I explained the meaning of penance and said: "You suffer very much; offer your sufferings to our Blessed Lord, and that will enable me to give you an easy penance; you need only say the 'Our Father' and the 'Hail Mary.'" He looked at me for a moment with the most intent and piercing gaze, for, although so exhausted by age and sickness, he had a most extraordinary energy in his eye, and said "'Our Father,' 'Hail Mary!' What do they mean? I have never heard anything about them." Yes, this was the state which the poor miserable man had reached; seventy-four years old and he had forgotten even the prayers that infants in their mothers' arms lisp in childish accents. Religion was utterly obliterated from his soul! There remained nothing, nothing! I cast a look toward heaven, and I felt that a miracle was needed to bring back the pastor to enlighten his darkened soul.

"You ought to know, that those prayers are the most beautiful in religion. I will assist you; I will say them myself; you will say them afterward with me, and then you will find all you have lost."

Kneeling down by his bedside, and holding his hand in both of mine, I commenced. He let me say the two or three first invocations of the "Our Father," but when I said, "Forgive us our trespasses, as we forgive them who trespass against us," he suddenly pressed my hand, and as one arousing from a long sleep he exclaimed, "Oh! I remember that. Yes! I think when I was a little boy my mother taught me something like that. Will you please commence it again?" I recommenced it and then instantaneously, from the depths of his soul, across his darkened mind, and from far away in his early childhood—across seventy-four years—across all those wars and all those battle-fields which had passed over his life and effaced from his soul all ideas of religion, came back to this old soldier the remembrance of his mother, and the prayers she had taught him when a little boy, and he commenced unaided to recall the words. One by one I saw them leave his soul, as if they had all been engulfed, and were now rising to the surface. At each sentence he interrupted himself: "Oh!" he exclaimed, "I remember—'Our Father who art in heaven'—yes, indeed, that is it—'Hallowed be Thy name'—that is it again!—I remember it all now!—'Thy Kingdom come.'—Yes, yes, I remember I used to say all that—oh! isn't that prayer beautiful!" And when he came to the words "Forgive us our trespasses,"—"Ah," he cried, "above all the rest, I remember that—those are the words that brought all the rest back to me; my mother used to make me say that whenever I did anything wrong." And in this manner he finished the "Our Father;" then he asked to say it with me, and seemed never weary in repeating it over and over.

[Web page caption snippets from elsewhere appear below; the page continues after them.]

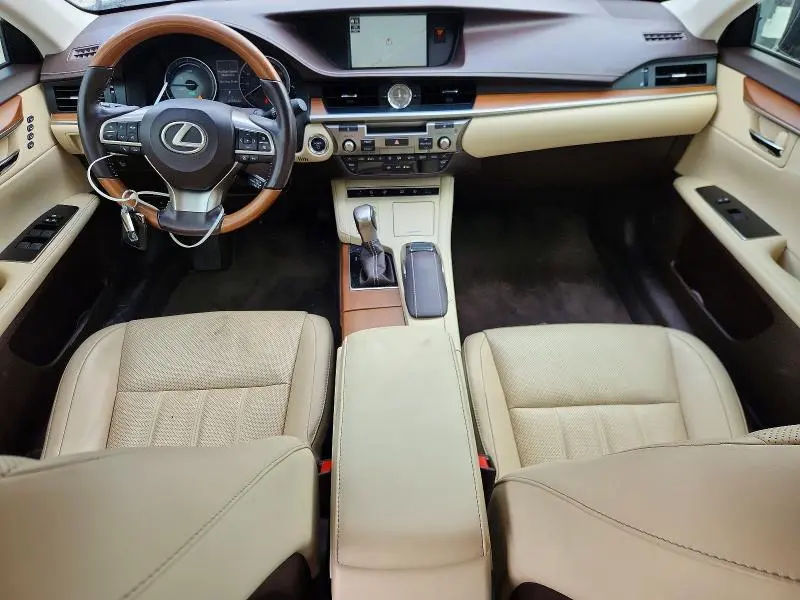 2018 LEXUS ES 300H  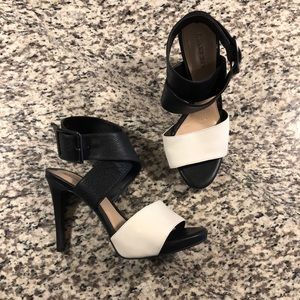 Gianni Bini Black/White Buckle Heel, Sz 8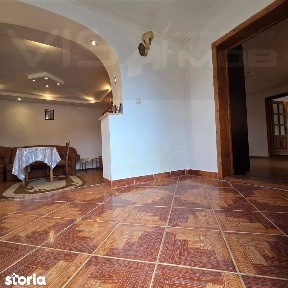 Casă de vânzare în Com. Helegiu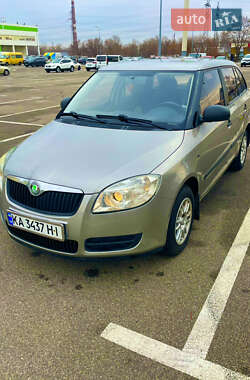 Універсал Skoda Fabia 2009 в Києві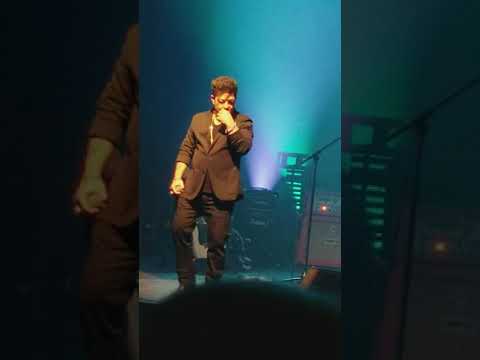 Ludovic Bourgeois- Montréal- Live avec Éric Lapointe-Travis Cormier- chante du Bon Jovi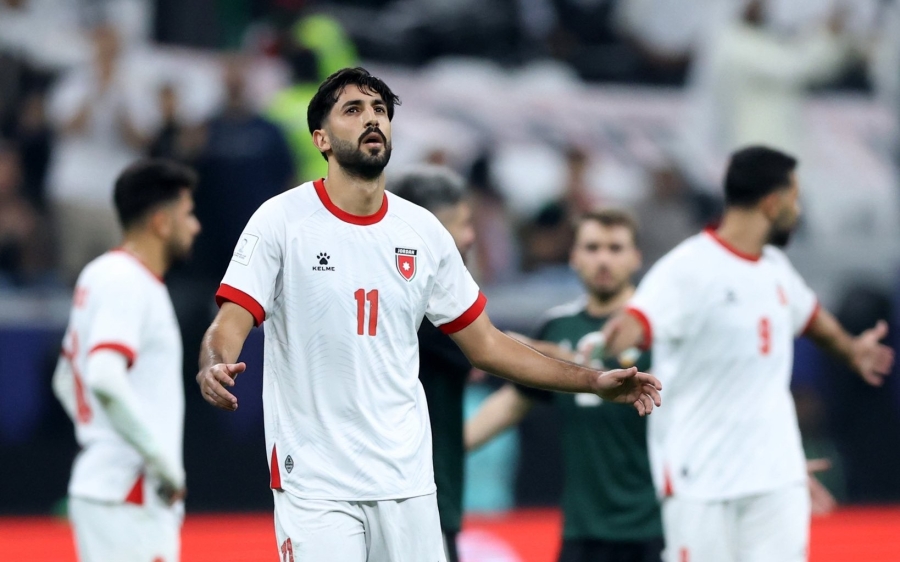 النشامى بين الشوطين وإصابة يزن النعيمات خلال المباراة التي جمعتهم مع المنتخب العراقي ..فيديو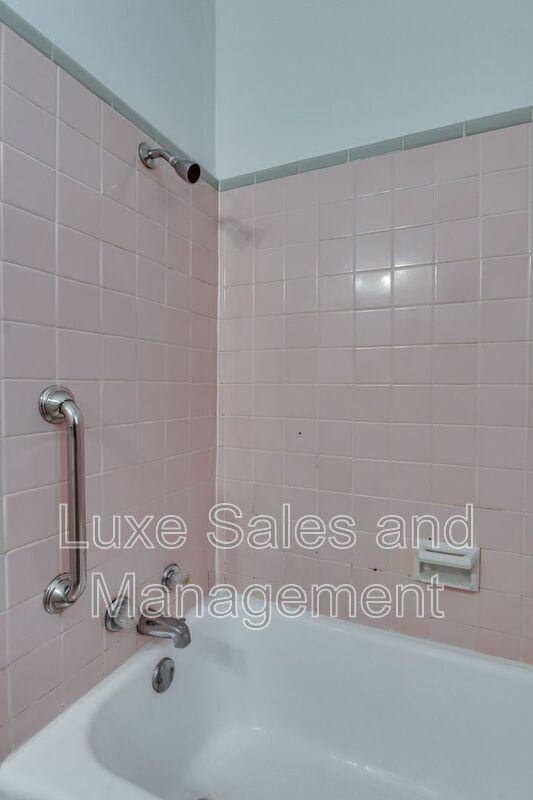 Building Photo - 3516 Mt Pleasant Dr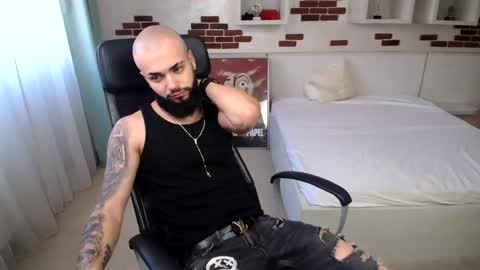 Snapshot of oscarwills chatting on May 25, 4:40 am OscarWills online show from May 25, 4:40 am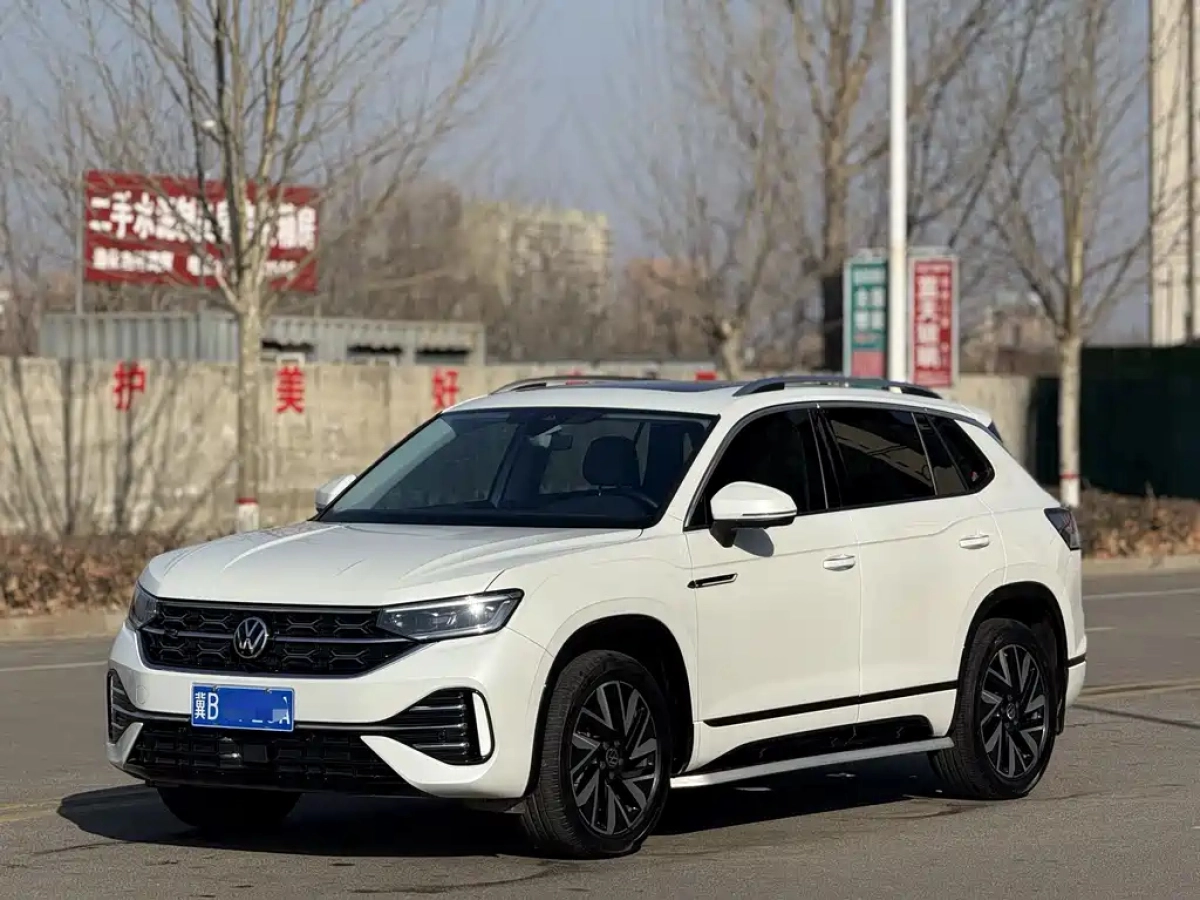 VOLKSWAGEN TAYRON  2024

"But," he exclaimed, "is there not another? Oh! yes, now I remember, my mother said there was a Blessed Virgin—stop—I must find that prayer also! But it won't come back. Say it to me so that I can remember, all about it." And when I repeated the first words, he interrupted me with a joyful cry, "Oh! yes, that is it, 'Hail Mary!'" And then, without waiting for me to take the lead, he continued, "full of grace, the Lord is with thee," and all the words seemed to flow miraculously from his soul, and with tears flowing down his cheeks, he repeated, "Holy Mary, Mother of God, pray for us poor sinners, now and the hour of our death."